Forwarded upstream: https://bugzilla.samba.org/show_bug.cgi?id=7545
This bug appears to have been reported against 'rawhide' during the Fedora 14 development cycle. Changing version to '14'. More information and reason for this action is here: http://fedoraproject.org/wiki/BugZappers/HouseKeeping
ccache 3.1 will contain two changes to tackle the problem: 1. Update one of the 16 $CCACHE_DIR/[0-9a-f]/stats files for things like "gcc --version" in one of the 16 subdirectories (selected pseudo-randomly) instead of $CCACHE_DIR/stats. This will reduce lock contention. 2. As suggested, use symlinks for locking instead of POSIX locks. -- Joel (upstream ccache maintainer)

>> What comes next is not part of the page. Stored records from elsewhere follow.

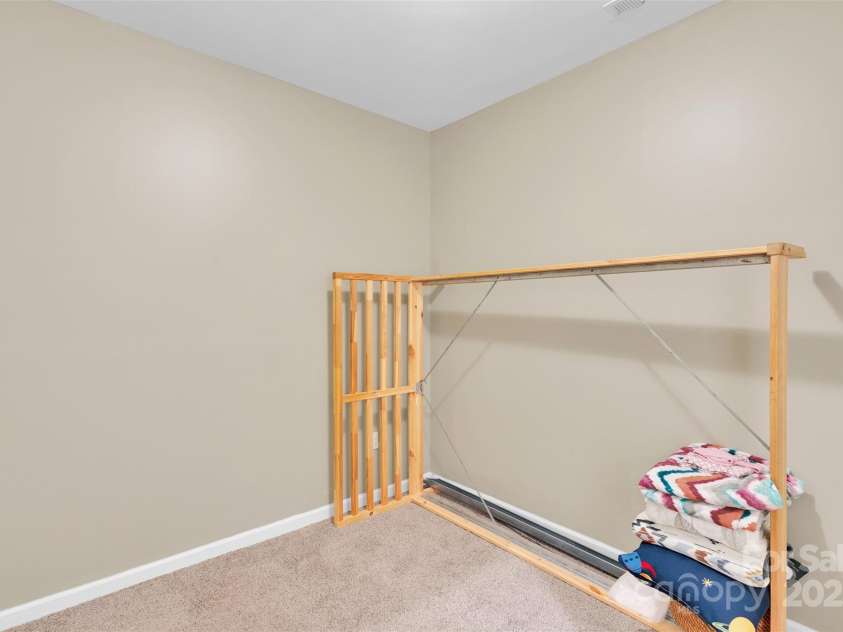 111 Crowell Drive, Concord, NC 28025.  MLS# CAR4281441, YatesRealty ID 26715. Rear Unit Room 1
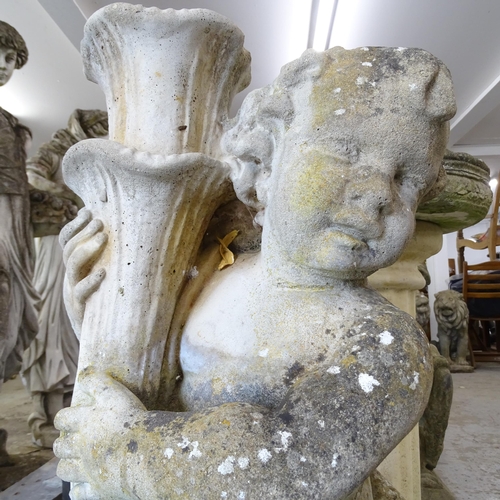 3406 - A weathered concrete garden statue, study of a cherub holding a cornucopia. Height 79cm.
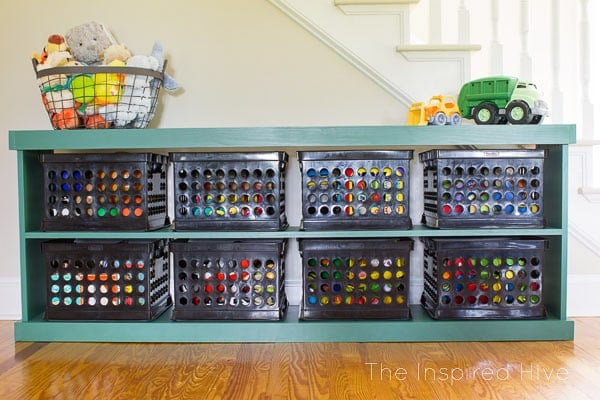 Green DIY toy storage using plastic bins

ccache-3.1-1.fc14 has been submitted as an update for Fedora 14. https://admin.fedoraproject.org/updates/ccache-3.1-1.fc14
ccache-3.1-1.fc14 has been pushed to the Fedora 14 testing repository. If problems still persist, please make note of it in this bug report. If you want to test the update, you can install it with su -c 'yum --enablerepo=updates-testing update ccache'. You can provide feedback for this update here: https://admin.fedoraproject.org/updates/ccache-3.1-1.fc14
ccache-3.1-1.fc14 has been pushed to the Fedora 14 stable repository. If problems still persist, please make note of it in this bug report.